(Records drawn from a dataset)

------------------------

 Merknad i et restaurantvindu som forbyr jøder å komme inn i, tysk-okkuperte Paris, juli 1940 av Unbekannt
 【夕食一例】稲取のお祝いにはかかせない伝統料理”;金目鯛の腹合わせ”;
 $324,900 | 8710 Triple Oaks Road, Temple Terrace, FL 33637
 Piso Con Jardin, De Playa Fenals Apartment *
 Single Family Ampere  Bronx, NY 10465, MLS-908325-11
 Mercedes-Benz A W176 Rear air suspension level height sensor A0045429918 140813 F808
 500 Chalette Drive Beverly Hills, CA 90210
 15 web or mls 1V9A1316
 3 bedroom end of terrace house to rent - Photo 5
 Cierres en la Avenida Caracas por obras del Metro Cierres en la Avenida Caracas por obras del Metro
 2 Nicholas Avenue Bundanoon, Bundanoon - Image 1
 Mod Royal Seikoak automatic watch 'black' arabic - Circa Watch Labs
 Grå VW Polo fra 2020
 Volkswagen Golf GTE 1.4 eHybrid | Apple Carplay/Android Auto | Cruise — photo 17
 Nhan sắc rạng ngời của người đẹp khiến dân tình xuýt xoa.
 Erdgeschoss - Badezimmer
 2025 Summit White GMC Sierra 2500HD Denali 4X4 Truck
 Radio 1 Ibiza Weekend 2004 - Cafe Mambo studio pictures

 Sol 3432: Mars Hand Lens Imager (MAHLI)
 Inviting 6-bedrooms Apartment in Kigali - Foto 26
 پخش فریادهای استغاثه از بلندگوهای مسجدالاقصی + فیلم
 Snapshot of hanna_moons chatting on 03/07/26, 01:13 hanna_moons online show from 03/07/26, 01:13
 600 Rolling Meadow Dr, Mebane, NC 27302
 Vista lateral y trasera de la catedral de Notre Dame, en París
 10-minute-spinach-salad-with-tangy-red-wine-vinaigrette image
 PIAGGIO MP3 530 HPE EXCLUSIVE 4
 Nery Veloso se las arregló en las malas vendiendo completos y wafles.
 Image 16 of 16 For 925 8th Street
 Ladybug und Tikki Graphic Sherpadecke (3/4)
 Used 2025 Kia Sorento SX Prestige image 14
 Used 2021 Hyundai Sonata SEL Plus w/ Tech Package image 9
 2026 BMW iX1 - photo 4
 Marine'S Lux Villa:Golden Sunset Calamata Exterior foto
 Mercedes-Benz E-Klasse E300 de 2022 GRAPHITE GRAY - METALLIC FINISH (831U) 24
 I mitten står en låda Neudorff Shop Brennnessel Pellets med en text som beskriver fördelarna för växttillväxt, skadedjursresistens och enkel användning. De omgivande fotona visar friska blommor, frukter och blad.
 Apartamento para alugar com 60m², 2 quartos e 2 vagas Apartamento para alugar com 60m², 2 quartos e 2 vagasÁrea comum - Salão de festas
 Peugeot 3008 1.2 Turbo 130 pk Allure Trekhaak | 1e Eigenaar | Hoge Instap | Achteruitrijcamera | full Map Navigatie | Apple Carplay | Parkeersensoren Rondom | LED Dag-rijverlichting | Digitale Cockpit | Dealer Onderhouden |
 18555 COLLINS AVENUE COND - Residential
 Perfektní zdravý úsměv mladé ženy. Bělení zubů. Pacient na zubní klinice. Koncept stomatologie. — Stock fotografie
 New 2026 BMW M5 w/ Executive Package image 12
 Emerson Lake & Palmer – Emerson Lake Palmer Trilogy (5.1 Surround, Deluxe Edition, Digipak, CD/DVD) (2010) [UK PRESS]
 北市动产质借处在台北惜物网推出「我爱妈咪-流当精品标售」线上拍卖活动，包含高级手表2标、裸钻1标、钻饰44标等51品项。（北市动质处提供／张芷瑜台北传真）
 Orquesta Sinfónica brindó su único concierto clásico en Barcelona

------------------------

[WHAT IS REQUIRED]:
Find the line with "Marine'S Lux Villa:Golden". Transcribe it and every line after it exactly, through the end of the records above, and nothing else.

[ANSWER TO THIS PROBLEM]:
 Marine'S Lux Villa:Golden Sunset Calamata Exterior foto
 Mercedes-Benz E-Klasse E300 de 2022 GRAPHITE GRAY - METALLIC FINISH (831U) 24
 I mitten står en låda Neudorff Shop Brennnessel Pellets med en text som beskriver fördelarna för växttillväxt, skadedjursresistens och enkel användning. De omgivande fotona visar friska blommor, frukter och blad.
 Apartamento para alugar com 60m², 2 quartos e 2 vagas Apartamento para alugar com 60m², 2 quartos e 2 vagasÁrea comum - Salão de festas
 Peugeot 3008 1.2 Turbo 130 pk Allure Trekhaak | 1e Eigenaar | Hoge Instap | Achteruitrijcamera | full Map Navigatie | Apple Carplay | Parkeersensoren Rondom | LED Dag-rijverlichting | Digitale Cockpit | Dealer Onderhouden |
 18555 COLLINS AVENUE COND - Residential
 Perfektní zdravý úsměv mladé ženy. Bělení zubů. Pacient na zubní klinice. Koncept stomatologie. — Stock fotografie
 New 2026 BMW M5 w/ Executive Package image 12
 Emerson Lake & Palmer – Emerson Lake Palmer Trilogy (5.1 Surround, Deluxe Edition, Digipak, CD/DVD) (2010) [UK PRESS]
 北市动产质借处在台北惜物网推出「我爱妈咪-流当精品标售」线上拍卖活动，包含高级手表2标、裸钻1标、钻饰44标等51品项。（北市动质处提供／张芷瑜台北传真）
 Orquesta Sinfónica brindó su único concierto clásico en Barcelona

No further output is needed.